Heart :: Master heart cell – regenerative heart therapy from cardiac stem cells

Scientists have discovered what they believe could be cardiac master cells, capable of developing into different tissues in the heart. Groups of US scientists, working independently, have discovered two separate candidates.

One has the capacity to produce all three major tissues in the heart, the other two of the three.

The breakthrough, published in the journal Cell, raises hopes for new treatments for heart disease.

The findings challenge the notion that the heart’s different cell types are so diverse they must have come from separate sources.

The heart is the earliest organ in the body to develop, and the one most susceptible to congenital defects.

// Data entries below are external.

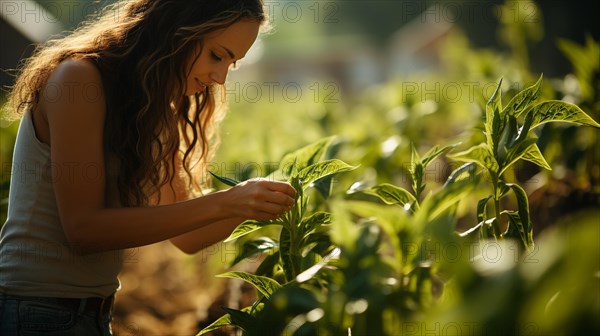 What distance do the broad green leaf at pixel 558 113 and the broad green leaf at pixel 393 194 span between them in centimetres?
35

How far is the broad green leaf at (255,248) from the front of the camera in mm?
1855

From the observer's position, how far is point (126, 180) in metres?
1.82

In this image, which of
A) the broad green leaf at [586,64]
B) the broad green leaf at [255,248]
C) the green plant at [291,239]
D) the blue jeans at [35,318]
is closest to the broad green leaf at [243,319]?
the green plant at [291,239]

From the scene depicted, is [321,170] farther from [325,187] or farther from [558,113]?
[558,113]

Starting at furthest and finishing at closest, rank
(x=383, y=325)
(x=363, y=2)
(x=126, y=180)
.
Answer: (x=363, y=2) < (x=126, y=180) < (x=383, y=325)

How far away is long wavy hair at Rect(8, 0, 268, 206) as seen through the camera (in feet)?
5.84

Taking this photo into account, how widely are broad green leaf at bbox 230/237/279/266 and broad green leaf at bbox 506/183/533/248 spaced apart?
64 cm

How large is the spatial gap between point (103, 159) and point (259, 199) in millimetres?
470

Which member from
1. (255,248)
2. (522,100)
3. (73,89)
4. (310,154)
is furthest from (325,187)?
(73,89)

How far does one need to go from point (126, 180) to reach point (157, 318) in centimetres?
168

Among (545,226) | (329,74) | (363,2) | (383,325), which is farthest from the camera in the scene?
(363,2)

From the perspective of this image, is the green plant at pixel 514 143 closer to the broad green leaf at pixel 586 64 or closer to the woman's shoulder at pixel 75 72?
the woman's shoulder at pixel 75 72

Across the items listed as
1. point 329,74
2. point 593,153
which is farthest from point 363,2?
point 593,153

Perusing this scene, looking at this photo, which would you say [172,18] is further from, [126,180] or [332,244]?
[332,244] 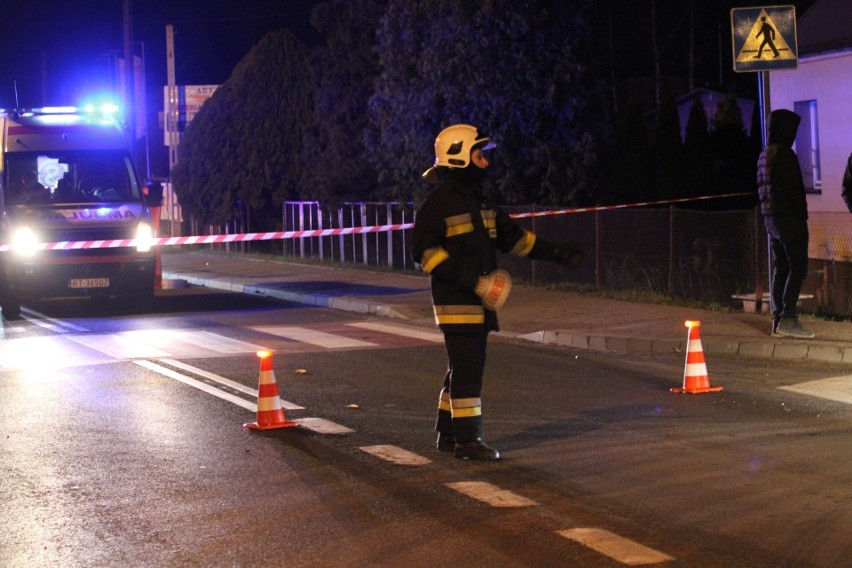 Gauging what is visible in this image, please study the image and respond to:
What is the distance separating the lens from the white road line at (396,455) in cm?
788

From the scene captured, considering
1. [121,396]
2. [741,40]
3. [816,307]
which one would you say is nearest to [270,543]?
[121,396]

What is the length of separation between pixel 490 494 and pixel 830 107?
13858mm

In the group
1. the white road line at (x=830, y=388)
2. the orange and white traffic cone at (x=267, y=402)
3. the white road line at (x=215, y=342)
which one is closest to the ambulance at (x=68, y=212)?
the white road line at (x=215, y=342)

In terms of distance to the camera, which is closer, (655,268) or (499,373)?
(499,373)

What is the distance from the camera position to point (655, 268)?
18.0 meters

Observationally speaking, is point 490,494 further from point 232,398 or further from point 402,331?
point 402,331

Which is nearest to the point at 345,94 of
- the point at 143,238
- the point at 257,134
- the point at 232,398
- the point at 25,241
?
the point at 257,134

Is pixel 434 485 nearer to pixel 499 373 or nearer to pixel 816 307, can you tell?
pixel 499 373

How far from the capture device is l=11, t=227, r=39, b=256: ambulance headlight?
59.3 ft

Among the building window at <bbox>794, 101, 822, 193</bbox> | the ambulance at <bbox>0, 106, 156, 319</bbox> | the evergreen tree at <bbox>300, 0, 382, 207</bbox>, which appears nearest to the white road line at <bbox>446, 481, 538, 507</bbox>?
the ambulance at <bbox>0, 106, 156, 319</bbox>

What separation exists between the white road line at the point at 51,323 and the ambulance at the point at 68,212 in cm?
30

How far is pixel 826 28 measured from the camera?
19.8 meters

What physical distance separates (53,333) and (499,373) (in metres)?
6.64

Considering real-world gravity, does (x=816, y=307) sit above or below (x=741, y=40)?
below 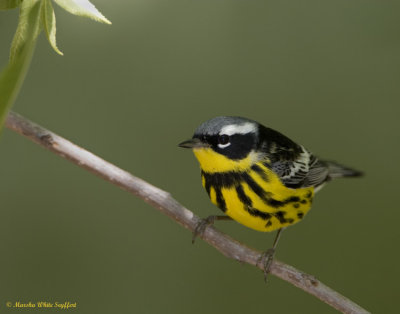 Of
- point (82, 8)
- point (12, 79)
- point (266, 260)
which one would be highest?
point (82, 8)

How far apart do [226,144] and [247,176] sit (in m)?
0.14

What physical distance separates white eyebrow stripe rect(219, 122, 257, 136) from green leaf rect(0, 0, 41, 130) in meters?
0.84

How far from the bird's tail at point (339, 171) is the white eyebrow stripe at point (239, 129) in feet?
1.74

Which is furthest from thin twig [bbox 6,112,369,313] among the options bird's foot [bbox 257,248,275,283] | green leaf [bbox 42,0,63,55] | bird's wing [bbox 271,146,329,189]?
green leaf [bbox 42,0,63,55]

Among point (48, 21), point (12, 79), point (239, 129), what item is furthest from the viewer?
point (239, 129)

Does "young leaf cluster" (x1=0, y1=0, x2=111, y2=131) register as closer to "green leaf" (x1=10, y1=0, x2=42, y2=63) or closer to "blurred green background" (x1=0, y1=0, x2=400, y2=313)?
"green leaf" (x1=10, y1=0, x2=42, y2=63)

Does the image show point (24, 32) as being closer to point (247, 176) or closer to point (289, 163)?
point (247, 176)

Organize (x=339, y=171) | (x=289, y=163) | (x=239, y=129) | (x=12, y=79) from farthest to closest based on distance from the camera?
(x=339, y=171) → (x=289, y=163) → (x=239, y=129) → (x=12, y=79)

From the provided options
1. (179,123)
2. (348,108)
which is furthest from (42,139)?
(348,108)

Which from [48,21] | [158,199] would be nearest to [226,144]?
[158,199]

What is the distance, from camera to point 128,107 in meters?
2.84

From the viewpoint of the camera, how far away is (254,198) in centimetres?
153

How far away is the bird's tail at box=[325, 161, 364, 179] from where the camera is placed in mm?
1982

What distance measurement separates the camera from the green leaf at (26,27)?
61 centimetres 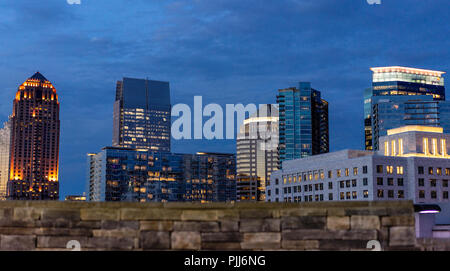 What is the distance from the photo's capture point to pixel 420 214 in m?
35.2

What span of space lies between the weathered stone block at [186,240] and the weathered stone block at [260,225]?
3.56 ft

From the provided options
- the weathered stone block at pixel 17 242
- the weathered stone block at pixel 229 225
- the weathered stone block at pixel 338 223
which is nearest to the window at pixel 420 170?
the weathered stone block at pixel 338 223

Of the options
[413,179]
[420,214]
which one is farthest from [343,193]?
[420,214]

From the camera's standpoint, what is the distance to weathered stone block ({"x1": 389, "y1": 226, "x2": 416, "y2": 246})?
13.5m

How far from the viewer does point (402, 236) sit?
13.6 meters

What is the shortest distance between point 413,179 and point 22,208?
14389 cm

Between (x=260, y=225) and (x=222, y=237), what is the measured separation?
945 mm

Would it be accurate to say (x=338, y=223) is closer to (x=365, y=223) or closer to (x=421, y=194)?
(x=365, y=223)

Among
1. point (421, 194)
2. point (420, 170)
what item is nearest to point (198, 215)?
point (421, 194)

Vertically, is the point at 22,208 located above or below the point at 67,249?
above

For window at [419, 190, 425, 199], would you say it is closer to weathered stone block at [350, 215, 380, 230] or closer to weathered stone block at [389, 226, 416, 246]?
weathered stone block at [389, 226, 416, 246]

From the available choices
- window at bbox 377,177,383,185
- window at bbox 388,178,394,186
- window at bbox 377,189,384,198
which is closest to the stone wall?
window at bbox 377,189,384,198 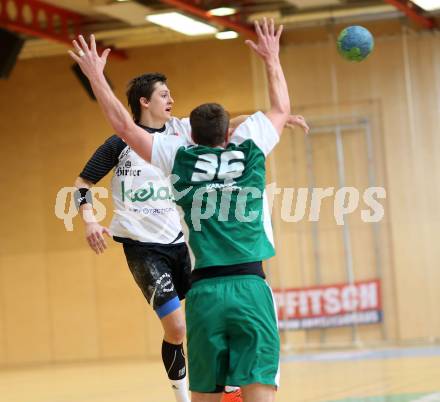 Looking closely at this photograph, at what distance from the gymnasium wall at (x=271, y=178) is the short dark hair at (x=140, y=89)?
28.2 feet

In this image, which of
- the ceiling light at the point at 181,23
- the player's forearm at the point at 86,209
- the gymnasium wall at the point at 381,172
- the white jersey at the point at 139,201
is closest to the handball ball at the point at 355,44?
the white jersey at the point at 139,201

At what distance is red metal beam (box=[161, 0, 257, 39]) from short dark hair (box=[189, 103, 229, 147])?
8.70 metres

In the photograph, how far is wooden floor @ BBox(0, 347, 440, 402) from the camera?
29.3ft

Professor Peter Weissberg, medical director of the British Heart Foundation, said until recently it was thought that the heart had no means of regenerating itself if it became damaged.

If the human equivalent of the new cells is found, it could be given to patients to rebuild heart tissue that cannot be repaired today. The work could also give biologists new tools to look for heart drugs.

There has been a rush of work in recent years to develop therapies that inject cells capable of repairing patients’ damaged heart muscle. But the field has been hampered because biologists have not known what type of cell to use. Researchers around the world have launched clinical trials, but the trials have used blood cells, not heart cells, and the results have been modest, at best.

The research identifies, for the first time, a kind of master heart cell, similar to a stem cell, with a proven ability to build a wide range of heart tissues. The scientists cautioned that important obstacles remain before cell therapies based on the research can be tested in humans.